In May of last year, Austria's Christian Democratic Finance Minister Maria Fekter sharply criticized the possibility of fiscal stimulus as championed by then-newly elected French President François Hollande. "Growth financed by debt? Those are the recipes from the day before yesterday," she said.

Austria itself struggled to keep its deficit under the European Union's 3 percent treaty maximum, however, but is expected to bring it down to 2.3 percent of gross domestic product this year.

As is the case in Germany, the Netherlands and other relatively strong economies in the "core" of the euro area, many Austrian voters are dissatisfied with what they perceive as the bailing out of weaker states in the periphery of the currency union at their expense.

Stronach's euroskeptic rhetoric appeals to them, although his proposal for "renegotiating" the euro, as his party's platform promises, is somewhat unclear. The billionaire himself has suggested leaving the eurozone altogether, but two of his chief economic advisors were more ambivalent in an interview with Format magazine Feb. 15. While they argued "the euro is at an end," they floated the idea of keeping it as a parallel currency.

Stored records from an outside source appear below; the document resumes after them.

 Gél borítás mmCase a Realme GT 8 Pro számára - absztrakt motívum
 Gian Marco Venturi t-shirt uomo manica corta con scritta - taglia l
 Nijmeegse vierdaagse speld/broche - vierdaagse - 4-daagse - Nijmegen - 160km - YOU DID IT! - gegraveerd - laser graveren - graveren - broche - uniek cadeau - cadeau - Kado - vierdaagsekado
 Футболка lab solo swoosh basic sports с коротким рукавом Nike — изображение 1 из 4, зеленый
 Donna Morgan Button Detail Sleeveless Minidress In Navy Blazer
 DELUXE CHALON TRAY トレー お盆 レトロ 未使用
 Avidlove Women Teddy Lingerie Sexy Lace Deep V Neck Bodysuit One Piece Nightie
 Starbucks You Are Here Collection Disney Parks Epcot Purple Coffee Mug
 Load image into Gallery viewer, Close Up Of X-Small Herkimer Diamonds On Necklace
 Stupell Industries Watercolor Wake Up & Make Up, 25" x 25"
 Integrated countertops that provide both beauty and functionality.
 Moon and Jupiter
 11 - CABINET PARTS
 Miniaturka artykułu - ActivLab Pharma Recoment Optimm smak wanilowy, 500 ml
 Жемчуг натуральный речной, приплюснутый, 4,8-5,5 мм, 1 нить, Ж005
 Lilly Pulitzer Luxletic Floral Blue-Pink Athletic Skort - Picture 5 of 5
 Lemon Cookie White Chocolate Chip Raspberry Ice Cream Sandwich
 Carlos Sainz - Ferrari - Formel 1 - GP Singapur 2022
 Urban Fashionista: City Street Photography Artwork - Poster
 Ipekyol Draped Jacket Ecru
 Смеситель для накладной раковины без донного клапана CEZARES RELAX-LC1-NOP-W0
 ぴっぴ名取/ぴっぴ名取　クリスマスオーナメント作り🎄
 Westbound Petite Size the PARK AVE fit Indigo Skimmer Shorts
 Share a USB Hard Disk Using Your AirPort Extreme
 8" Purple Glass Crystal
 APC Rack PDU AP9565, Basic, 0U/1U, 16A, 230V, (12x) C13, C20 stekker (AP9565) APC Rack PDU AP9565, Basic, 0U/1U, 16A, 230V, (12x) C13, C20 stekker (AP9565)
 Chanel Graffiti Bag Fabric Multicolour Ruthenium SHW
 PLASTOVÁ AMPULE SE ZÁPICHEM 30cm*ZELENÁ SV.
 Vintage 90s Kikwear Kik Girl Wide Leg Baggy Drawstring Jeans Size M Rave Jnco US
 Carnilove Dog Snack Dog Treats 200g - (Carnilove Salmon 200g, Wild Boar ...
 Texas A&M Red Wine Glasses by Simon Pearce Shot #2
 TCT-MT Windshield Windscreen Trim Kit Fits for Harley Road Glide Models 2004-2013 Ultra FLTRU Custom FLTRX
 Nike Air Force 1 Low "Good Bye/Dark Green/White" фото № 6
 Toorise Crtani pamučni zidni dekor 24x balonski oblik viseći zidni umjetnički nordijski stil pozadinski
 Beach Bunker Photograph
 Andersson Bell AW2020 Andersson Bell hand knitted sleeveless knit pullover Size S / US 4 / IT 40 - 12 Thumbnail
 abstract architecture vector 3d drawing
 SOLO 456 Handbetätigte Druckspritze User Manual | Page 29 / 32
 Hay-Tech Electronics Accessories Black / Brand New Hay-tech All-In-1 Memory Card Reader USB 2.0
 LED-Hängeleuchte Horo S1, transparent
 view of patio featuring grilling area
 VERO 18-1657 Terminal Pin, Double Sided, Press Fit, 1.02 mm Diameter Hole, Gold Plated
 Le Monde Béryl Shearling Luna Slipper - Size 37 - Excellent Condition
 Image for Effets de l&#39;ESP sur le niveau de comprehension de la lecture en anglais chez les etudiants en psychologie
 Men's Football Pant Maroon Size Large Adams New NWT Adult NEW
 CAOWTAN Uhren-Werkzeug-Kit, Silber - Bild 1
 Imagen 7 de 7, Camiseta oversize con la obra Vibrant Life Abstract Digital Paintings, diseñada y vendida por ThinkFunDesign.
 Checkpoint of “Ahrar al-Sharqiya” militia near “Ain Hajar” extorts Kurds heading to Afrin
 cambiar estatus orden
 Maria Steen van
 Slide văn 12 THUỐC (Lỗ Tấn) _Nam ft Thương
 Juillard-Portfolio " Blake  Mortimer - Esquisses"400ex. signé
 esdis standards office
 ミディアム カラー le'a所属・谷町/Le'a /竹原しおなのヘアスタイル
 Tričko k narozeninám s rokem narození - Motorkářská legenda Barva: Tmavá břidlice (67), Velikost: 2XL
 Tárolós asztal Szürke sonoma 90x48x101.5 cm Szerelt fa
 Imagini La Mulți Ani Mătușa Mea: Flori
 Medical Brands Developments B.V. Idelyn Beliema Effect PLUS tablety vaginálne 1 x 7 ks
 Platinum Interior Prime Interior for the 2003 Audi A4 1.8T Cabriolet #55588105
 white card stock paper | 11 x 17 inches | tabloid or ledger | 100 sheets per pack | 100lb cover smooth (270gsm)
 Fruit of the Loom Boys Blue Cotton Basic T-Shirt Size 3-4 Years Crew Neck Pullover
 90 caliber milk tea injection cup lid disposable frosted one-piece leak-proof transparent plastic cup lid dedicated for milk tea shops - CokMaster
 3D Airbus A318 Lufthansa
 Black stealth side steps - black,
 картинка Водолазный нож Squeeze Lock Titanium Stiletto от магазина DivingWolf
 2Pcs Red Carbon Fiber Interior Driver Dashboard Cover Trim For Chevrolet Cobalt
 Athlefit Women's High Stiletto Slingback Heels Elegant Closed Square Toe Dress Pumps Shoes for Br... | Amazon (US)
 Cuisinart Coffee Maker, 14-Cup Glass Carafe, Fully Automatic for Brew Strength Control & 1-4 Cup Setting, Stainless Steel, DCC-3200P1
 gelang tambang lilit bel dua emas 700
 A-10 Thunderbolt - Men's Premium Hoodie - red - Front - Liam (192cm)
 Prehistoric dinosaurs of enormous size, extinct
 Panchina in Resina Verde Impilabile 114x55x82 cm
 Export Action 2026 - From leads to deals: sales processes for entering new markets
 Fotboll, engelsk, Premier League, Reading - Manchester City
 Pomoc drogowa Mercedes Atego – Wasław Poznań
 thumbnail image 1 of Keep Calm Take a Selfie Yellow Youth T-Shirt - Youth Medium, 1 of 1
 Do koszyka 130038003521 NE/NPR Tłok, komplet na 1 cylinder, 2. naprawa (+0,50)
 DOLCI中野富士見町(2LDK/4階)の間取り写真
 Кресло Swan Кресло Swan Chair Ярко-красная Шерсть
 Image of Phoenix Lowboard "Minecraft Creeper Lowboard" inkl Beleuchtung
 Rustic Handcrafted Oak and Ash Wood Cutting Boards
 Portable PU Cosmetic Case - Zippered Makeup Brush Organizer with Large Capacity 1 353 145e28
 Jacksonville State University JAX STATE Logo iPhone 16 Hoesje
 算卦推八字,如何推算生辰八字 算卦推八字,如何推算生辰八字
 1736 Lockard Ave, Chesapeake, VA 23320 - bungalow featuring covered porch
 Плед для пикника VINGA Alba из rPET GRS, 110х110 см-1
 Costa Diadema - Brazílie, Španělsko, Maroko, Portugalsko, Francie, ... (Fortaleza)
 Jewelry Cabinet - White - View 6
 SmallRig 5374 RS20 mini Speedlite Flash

Stronach's victory in Carinthia March 4 came largely at the expense of the nationalist Freiheitliche Partei Österreichs (FPÖ) that was led by the region's former governor, Jörg Haider, until his death in 2008.

In late January, Haider's successor Heinz-Christian Strache, whose party is still the third-largest in parliament, called for a referendum on Austria's euro membership. "If the EU develops into a centralized superstate, the final consequence for Austria would be an EU exit," he told Österreich newspaper Jan. 23. "I would rather have an alliance with Switzerland."

Like Iceland, Liechtenstein and Norway, Switzerland is effectively part of the European single market, but 76.8 percent of Swiss voters rejected full European Union membership in 2001.

Stronach's party gets about 10 percent support nationwide but polls show up to a third of Austrians maintain that joining the euro was a mistake. Strache's party hovers around 20 percent support in surveys, still attracting the majority of euroskeptic voters.

Local elections in Tyrol, one of Austria's most conservative states, next month will be another test for Stronach's popularity. Salzburg, where the Social Democrats now command a plurality of the seats in the regional legislature, votes later in April or in early May. If Stronach does well in both regions, his party might well replace the FPÖ as the champion of the populist right, albeit without the latter's anti-immigration rhetoric.